The exercise of market power and the inability of demand to properly respond to price signals can lead to unstable energy spot market prices which fluctuate wildly. Even without market power, weather conditions, especially drought, can lead to huge year-to-year fluctuations in fixed-cost recovery. Over-reliance on this type of an energy spot market to send long-term investment signals results in a boom-bust investment cycle. This produces an unstable investment environment in which investors have long periods of losses punctuated by brief periods of extreme profitability. Such cycles may tend to raise the cost of investment by increasing the investor risk premium.
This investor risk problem is more severe in the West due to the region's significant dependence on hydro power, which is subject to a long-term drought cycle. Insulating fixed-cost recovery from weather fluctuations would partly solve the boom-bust cycle problem.
If investors are not efficiently insulated from spot market fluctuation and weather risk, California's ratepayers will pay exorbitant risk premia passed through the market from risk adverse investors.5 Further, because the market-determined price applies equally to existing as well new capacity, any investor risk premium on new investment will also increase payments to existing capacity as well. If risk premiums are not lowered, California consumers can expect to pay more for their energy.
3. Broken link between fixed cost recovery and the desired level of installed capacity.
The third damaging impact of the structural problems is that there is no relationship between fixed-cost recovery and the desired level of installed capacity.
To attain generation adequacy in a market, investors must be induced to build adequate generation, and that requires a market that provides them with a sound reason for believing their fixed costs (as well as variable costs) will be recovered over the life of their investment when they do build that much capacity. Otherwise they will let the level of capacity sink below the adequate level until shortages send prices high enough that they believe they can recover their fixed costs, even in a capped market.
Without the market imperfections, the market would be expected to reach the optimal level of investment and to establish the average, and consequently long-run, cost to consumers of the capacity purchased. But even with the imperfections, the market can be described by a fixed-cost recovery curve that shows the relationship between the level of installed capacity and the average level of fixed cost recovery provided by the imperfect market.
Illustrative Fixed Cost Recovery (FCR) Curve
(Existing Energy Markets)
Figure 2
Figure 2 provides an illustrative Fixed-Cost Recovery (FCR) Curve in a capped energy market. The FCR Curve shows the level of fixed-cost recovery given the level of installed capacity. The FCR curve is established by first identifying the optimal level of installed generation capacity from the perspective of the consumer.
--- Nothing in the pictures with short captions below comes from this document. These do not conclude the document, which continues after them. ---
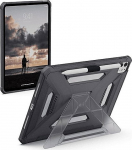 UAG Scout+ - case with stand and holder Apple Pencil do iPad Pro 11'' M4 (2024) / M5 (2025) (ash)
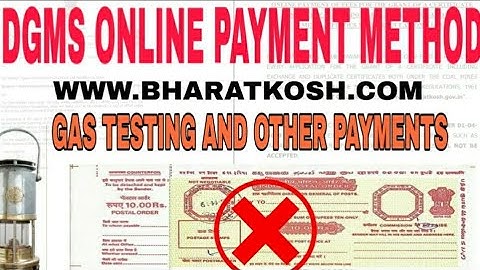 DGMS EXAM FEE PAYMENT || GAS TESTING || IN TELUGU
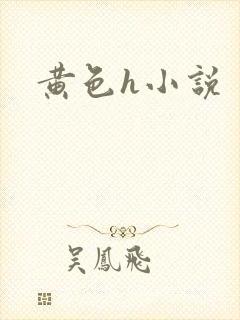 黄色h小说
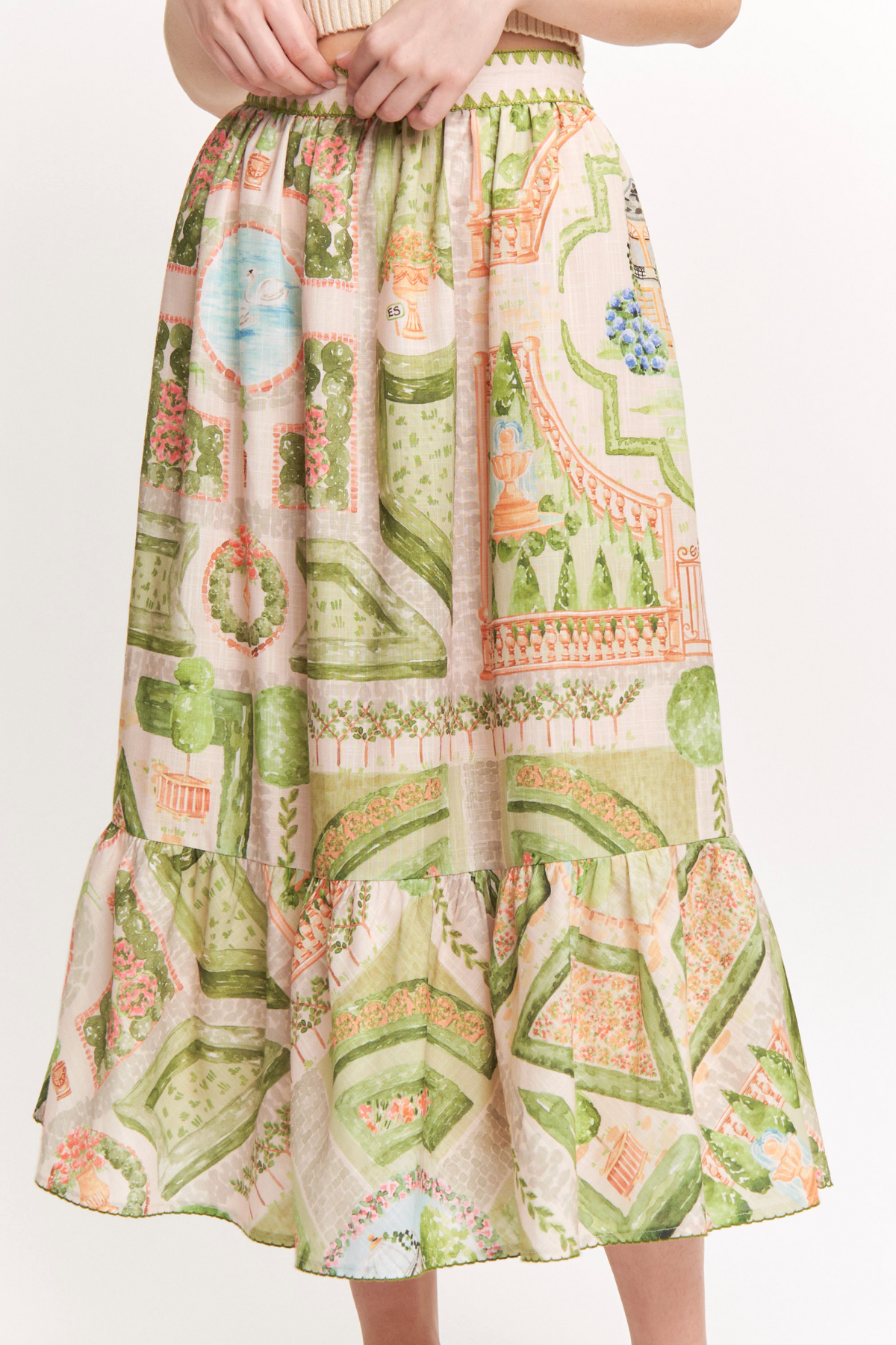 Sariyah Midi Skirt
This optimal level of installed capacity is shown as Capacity-Optimal or "C-Optimal". P is the fixed-cost recovery provided by the price-capped energy market. P* is the level of fixed-cost recovery `necessary' to induce C-Optimal. For example, P* could be the annualized fixed-cost of a new peaker.
The Fixed-Cost Recovery (FCR) Curve in Figure 2 reflects two qualitative aspects of a price-capped energy market. First, because the energy market is subject to a low bid cap, fixed cost recovery, P, tends to be too low when capacity is optimal, that is, when there is adequate capacity for the desired level of reliability. Second, at a low-enough level of capacity, fixed-cost recovery will reach P*, which reflects a "normal" profit level for peakers. This will prevent the capacity level from falling without limit, and it reflects the low equilibrium level of capacity expected in such a market.
Because such a FCR Curve pays investors less than their fixed-costs when installed capacity is at the desired (optimal) level, it will not signal an adequate level of investment. This explains the broken link between fixed cost recovery and the desired level of installed capacity referred to in the introduction to this section. This can only be corrected by raising the FCR Curve so that it intersects the point corresponding to the optimal level of capacity and P*, the required fixed-cost recovery. (Please see explanation in Section IV.A and Section V.A.)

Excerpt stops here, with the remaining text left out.